## Brief descriptive captions
* * *

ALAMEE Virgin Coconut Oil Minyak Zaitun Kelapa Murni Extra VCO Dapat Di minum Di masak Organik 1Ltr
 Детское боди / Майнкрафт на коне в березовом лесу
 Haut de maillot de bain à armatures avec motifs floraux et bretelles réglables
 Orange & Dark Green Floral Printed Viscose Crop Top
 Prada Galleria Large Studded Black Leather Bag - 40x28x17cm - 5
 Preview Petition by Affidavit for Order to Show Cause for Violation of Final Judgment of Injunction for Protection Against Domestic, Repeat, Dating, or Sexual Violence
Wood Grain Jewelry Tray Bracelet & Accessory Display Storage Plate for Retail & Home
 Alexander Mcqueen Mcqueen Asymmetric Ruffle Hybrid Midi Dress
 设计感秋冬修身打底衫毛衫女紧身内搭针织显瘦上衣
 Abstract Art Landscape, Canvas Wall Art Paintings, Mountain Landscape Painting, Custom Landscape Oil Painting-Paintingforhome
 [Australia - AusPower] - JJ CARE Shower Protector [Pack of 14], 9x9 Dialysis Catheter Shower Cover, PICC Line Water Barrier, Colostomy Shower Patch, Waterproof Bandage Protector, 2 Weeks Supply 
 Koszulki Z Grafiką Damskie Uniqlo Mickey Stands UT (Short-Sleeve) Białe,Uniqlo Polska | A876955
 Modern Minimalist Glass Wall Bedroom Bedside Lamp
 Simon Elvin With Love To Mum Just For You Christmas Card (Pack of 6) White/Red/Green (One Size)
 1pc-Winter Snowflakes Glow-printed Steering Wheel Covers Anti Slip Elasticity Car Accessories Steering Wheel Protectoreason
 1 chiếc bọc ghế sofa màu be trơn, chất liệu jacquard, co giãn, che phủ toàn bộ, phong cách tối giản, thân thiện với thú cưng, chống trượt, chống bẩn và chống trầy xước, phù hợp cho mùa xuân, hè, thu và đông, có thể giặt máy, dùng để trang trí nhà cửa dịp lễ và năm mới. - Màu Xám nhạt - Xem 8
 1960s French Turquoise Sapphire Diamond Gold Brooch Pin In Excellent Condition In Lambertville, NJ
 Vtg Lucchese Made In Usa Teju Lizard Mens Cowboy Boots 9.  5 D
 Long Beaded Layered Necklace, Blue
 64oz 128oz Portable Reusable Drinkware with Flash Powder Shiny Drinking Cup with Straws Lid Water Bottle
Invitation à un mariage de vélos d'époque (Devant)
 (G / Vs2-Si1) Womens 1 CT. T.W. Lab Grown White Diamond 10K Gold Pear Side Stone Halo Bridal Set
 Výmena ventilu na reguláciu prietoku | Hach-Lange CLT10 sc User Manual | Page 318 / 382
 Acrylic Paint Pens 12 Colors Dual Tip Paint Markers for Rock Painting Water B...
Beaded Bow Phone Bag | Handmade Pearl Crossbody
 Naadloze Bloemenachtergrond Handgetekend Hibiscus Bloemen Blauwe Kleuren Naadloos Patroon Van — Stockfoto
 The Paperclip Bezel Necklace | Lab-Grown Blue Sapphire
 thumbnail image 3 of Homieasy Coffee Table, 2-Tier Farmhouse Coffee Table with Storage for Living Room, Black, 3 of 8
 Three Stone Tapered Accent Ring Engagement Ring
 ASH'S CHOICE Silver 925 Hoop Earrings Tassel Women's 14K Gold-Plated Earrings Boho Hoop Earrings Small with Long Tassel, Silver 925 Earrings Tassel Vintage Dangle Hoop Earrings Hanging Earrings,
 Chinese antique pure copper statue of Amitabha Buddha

* * *

## TASK OBJECTIVE
Set down exactly the lines that begin the records and continue through the line bearing "Prada Galleria Large"; include both ends.

## REPLY
ALAMEE Virgin Coconut Oil Minyak Zaitun Kelapa Murni Extra VCO Dapat Di minum Di masak Organik 1Ltr
 Детское боди / Майнкрафт на коне в березовом лесу
 Haut de maillot de bain à armatures avec motifs floraux et bretelles réglables
 Orange & Dark Green Floral Printed Viscose Crop Top
 Prada Galleria Large Studded Black Leather Bag - 40x28x17cm - 5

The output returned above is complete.